**Input data**
====
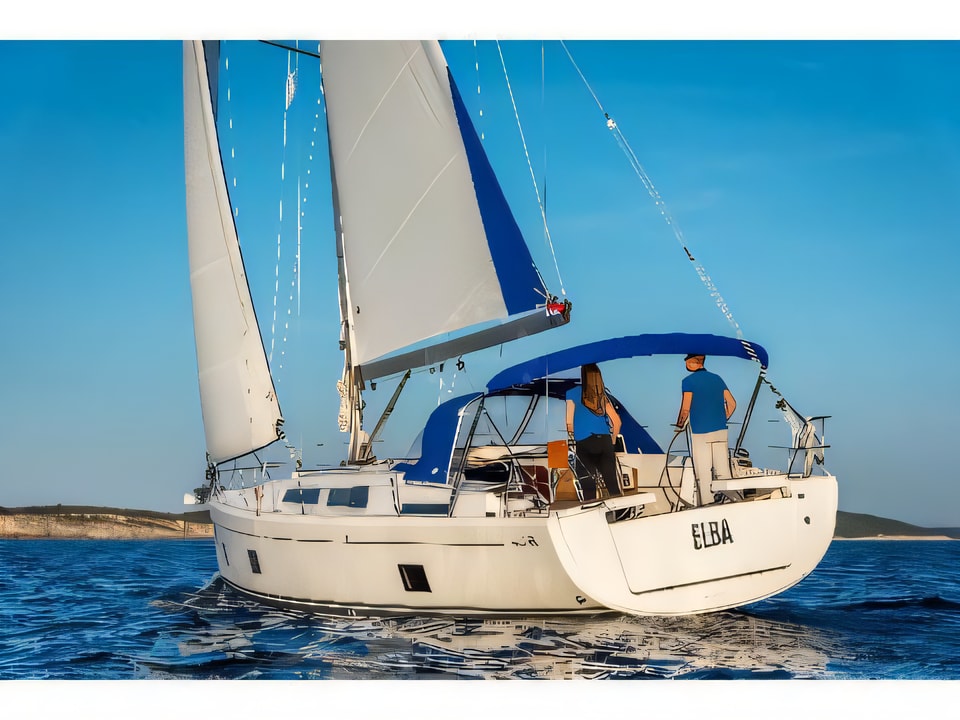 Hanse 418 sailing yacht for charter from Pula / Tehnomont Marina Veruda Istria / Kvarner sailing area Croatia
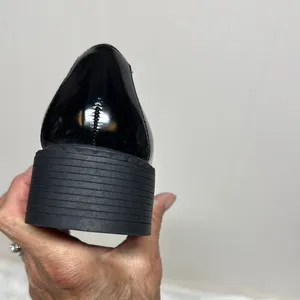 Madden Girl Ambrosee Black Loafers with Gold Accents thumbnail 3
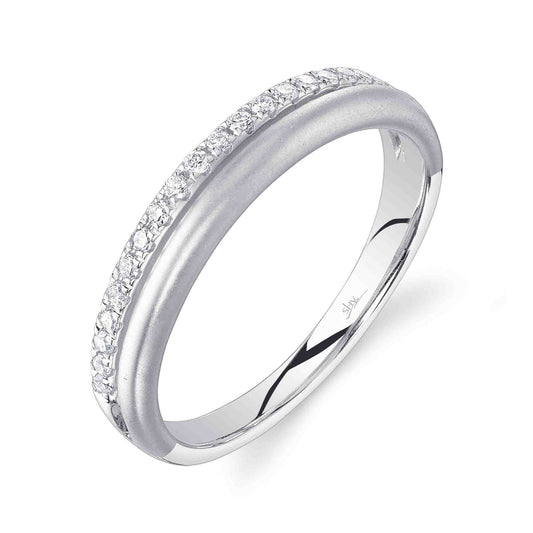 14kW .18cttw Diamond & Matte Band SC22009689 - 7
====
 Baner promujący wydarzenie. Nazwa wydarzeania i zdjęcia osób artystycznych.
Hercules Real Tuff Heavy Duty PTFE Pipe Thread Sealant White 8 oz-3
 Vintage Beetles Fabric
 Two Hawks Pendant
====
**Assignment**
Reproduce, word for word, everything in the listing above from the line containing "Hanse 418 sailing" down to the line containing "14kW .18cttw Diamond", both of them included. No pictures.

**Written answer**
 Hanse 418 sailing yacht for charter from Pula / Tehnomont Marina Veruda Istria / Kvarner sailing area Croatia
 Madden Girl Ambrosee Black Loafers with Gold Accents thumbnail 3
 14kW .18cttw Diamond & Matte Band SC22009689 - 7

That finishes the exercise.